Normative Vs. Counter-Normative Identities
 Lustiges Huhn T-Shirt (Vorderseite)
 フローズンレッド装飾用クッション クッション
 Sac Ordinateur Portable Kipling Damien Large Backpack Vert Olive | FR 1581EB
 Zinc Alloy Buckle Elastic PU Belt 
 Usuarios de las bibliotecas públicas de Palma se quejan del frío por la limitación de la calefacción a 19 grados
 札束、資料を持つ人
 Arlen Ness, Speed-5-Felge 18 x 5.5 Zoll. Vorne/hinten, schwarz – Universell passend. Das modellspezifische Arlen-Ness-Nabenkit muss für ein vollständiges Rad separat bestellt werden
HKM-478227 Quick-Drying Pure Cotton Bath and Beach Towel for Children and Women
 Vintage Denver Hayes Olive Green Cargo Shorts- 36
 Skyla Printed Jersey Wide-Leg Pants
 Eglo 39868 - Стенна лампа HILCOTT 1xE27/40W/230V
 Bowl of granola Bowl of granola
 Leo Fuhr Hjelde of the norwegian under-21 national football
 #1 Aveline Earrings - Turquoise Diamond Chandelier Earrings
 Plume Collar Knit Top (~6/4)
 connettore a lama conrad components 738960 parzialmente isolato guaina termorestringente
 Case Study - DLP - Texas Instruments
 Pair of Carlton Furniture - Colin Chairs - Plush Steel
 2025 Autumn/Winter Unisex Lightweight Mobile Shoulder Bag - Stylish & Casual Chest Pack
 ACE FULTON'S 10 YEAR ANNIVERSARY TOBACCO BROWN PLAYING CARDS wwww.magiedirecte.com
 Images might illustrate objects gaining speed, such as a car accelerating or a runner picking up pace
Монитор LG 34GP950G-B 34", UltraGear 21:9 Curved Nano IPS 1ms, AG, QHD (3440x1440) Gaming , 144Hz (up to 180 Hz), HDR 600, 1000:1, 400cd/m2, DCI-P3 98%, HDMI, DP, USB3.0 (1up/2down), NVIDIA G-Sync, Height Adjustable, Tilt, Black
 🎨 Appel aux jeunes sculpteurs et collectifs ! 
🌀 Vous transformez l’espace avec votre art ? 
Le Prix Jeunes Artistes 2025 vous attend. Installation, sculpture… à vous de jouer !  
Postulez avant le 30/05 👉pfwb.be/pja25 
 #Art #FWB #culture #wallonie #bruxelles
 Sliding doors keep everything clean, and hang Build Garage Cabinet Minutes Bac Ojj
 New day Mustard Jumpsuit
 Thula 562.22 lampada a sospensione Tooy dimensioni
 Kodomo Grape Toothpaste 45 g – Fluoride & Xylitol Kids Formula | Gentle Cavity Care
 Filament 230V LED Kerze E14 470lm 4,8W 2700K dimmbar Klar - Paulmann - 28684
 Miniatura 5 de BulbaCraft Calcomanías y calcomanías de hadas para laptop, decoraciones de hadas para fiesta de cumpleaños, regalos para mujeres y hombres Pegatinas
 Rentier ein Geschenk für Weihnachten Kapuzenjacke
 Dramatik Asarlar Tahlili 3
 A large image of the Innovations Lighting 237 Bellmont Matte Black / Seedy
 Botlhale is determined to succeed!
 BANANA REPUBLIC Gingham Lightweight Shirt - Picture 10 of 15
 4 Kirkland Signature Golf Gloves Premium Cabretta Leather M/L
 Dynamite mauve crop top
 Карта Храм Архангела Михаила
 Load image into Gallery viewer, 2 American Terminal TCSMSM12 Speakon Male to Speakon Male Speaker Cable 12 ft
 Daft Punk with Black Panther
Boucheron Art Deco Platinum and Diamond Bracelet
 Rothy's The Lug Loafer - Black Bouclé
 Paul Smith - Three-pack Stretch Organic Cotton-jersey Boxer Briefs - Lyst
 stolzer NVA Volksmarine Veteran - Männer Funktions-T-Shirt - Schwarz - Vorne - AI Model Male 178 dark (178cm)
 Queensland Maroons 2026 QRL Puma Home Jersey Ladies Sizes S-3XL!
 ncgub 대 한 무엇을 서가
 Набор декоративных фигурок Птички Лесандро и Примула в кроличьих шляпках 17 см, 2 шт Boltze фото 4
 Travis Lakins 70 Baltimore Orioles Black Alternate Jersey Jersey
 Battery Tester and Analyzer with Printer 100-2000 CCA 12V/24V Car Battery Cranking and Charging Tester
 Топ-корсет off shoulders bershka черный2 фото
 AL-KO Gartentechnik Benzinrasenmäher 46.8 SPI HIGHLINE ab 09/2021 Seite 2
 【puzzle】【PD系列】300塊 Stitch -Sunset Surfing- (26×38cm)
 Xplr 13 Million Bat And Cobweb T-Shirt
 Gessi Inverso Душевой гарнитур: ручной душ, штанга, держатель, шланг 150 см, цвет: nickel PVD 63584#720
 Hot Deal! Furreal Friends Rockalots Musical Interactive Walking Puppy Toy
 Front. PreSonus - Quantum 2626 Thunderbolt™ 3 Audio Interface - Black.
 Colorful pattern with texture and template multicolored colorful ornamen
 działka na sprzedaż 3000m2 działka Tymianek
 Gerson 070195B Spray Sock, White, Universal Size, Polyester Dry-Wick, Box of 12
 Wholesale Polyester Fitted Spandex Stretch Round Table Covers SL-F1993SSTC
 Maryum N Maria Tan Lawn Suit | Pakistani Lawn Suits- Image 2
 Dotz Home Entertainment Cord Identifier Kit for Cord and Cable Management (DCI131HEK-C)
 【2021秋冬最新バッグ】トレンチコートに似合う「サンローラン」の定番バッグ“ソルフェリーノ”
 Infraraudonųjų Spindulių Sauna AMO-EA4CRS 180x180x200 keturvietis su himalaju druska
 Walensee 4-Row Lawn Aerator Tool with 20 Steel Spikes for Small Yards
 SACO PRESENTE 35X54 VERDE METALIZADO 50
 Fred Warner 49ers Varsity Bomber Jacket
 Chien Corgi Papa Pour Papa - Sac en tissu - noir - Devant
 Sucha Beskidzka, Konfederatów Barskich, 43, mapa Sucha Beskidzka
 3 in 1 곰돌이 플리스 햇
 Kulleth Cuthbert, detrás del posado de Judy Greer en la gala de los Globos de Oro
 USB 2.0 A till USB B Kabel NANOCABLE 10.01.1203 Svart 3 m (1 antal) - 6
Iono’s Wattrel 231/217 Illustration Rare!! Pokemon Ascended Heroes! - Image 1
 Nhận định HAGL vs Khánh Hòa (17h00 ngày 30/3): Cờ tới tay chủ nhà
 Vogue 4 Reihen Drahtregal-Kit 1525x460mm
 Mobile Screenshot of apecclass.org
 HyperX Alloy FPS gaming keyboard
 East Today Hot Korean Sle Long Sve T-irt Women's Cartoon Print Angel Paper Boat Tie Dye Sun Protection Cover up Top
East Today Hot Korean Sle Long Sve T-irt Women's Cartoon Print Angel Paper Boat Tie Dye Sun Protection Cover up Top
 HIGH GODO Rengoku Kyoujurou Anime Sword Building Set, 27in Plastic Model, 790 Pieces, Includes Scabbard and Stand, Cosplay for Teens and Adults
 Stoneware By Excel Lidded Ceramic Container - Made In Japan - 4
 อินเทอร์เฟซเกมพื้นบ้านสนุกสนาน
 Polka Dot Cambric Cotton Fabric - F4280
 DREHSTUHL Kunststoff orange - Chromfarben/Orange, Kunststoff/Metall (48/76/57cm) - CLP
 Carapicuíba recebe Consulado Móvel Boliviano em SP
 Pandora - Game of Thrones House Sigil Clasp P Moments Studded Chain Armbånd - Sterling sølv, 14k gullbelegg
- - - - - - -
The lines from the top of the data above down to the line containing "Vintage Denver Hayes" are to be copied exactly; no other line should appear.

PROBLEM SOLUTION:
Normative Vs. Counter-Normative Identities
 Lustiges Huhn T-Shirt (Vorderseite)
 フローズンレッド装飾用クッション クッション
 Sac Ordinateur Portable Kipling Damien Large Backpack Vert Olive | FR 1581EB
 Zinc Alloy Buckle Elastic PU Belt 
 Usuarios de las bibliotecas públicas de Palma se quejan del frío por la limitación de la calefacción a 19 grados
 札束、資料を持つ人
 Arlen Ness, Speed-5-Felge 18 x 5.5 Zoll. Vorne/hinten, schwarz – Universell passend. Das modellspezifische Arlen-Ness-Nabenkit muss für ein vollständiges Rad separat bestellt werden
HKM-478227 Quick-Drying Pure Cotton Bath and Beach Towel for Children and Women
 Vintage Denver Hayes Olive Green Cargo Shorts- 36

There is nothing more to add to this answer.